<<<<

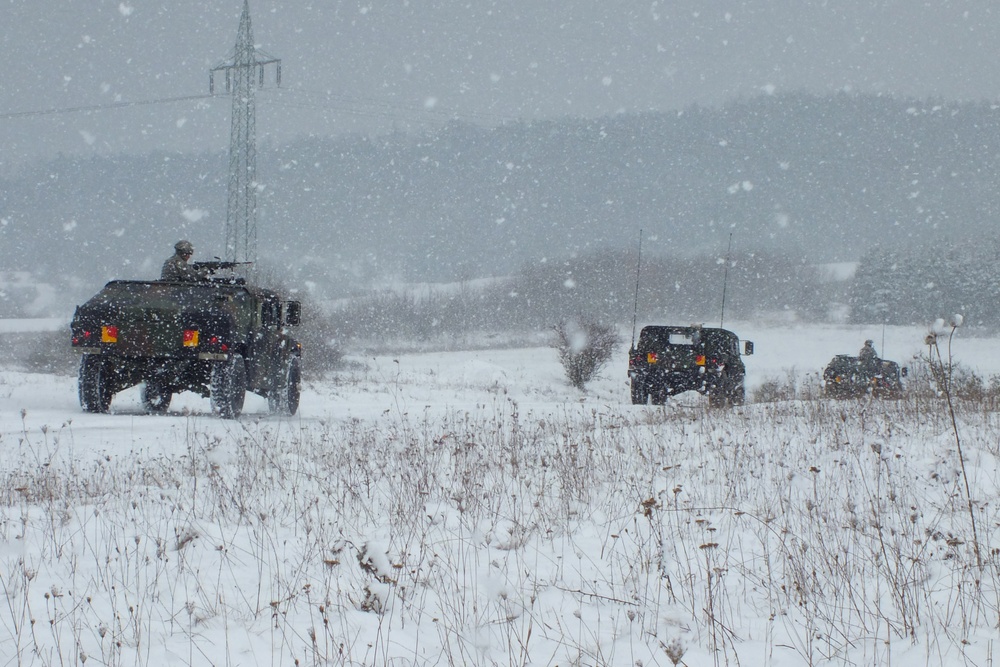 412th Aviation Support Battalion convoy training
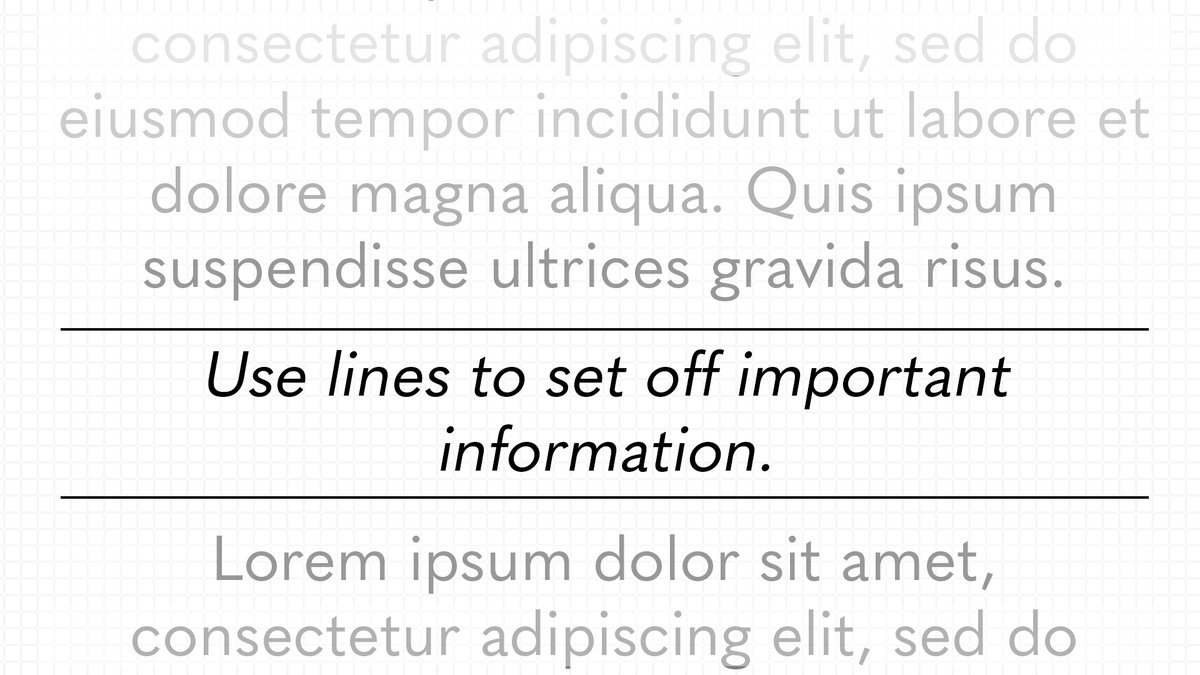 mattestesdesign's tweet photo. Hey! You're gonna wanna see this! 👀

Better than bold; better than italics. Simple lines are the best way to draw the eye to important information, especially in an environment with lots of text. Make considerate use of them in your #design. 
#designtwitter #webdesign #uidesign https://t.co/XcsnU6dal4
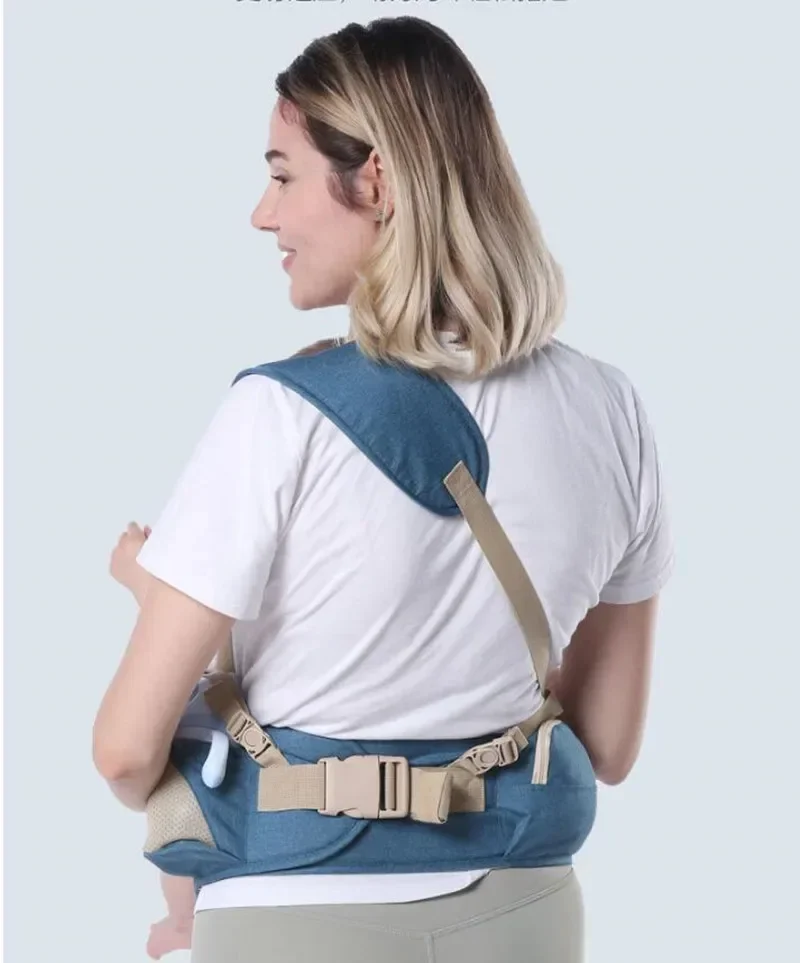 Portabebés de canguro, portabebés, herramienta para asiento de cadera, portabebés, mochilas envolventes, actividad de viaje para bebé de 4 a 36 meses, ergonómico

>>>>

- **Task prompt**: Retype the records above word for word, from their first line through the line containing "mattestesdesign's tweet photo.", and leave out every picture.

- **Response to the task**:
 412th Aviation Support Battalion convoy training
 mattestesdesign's tweet photo. Hey! You're gonna wanna see this! 👀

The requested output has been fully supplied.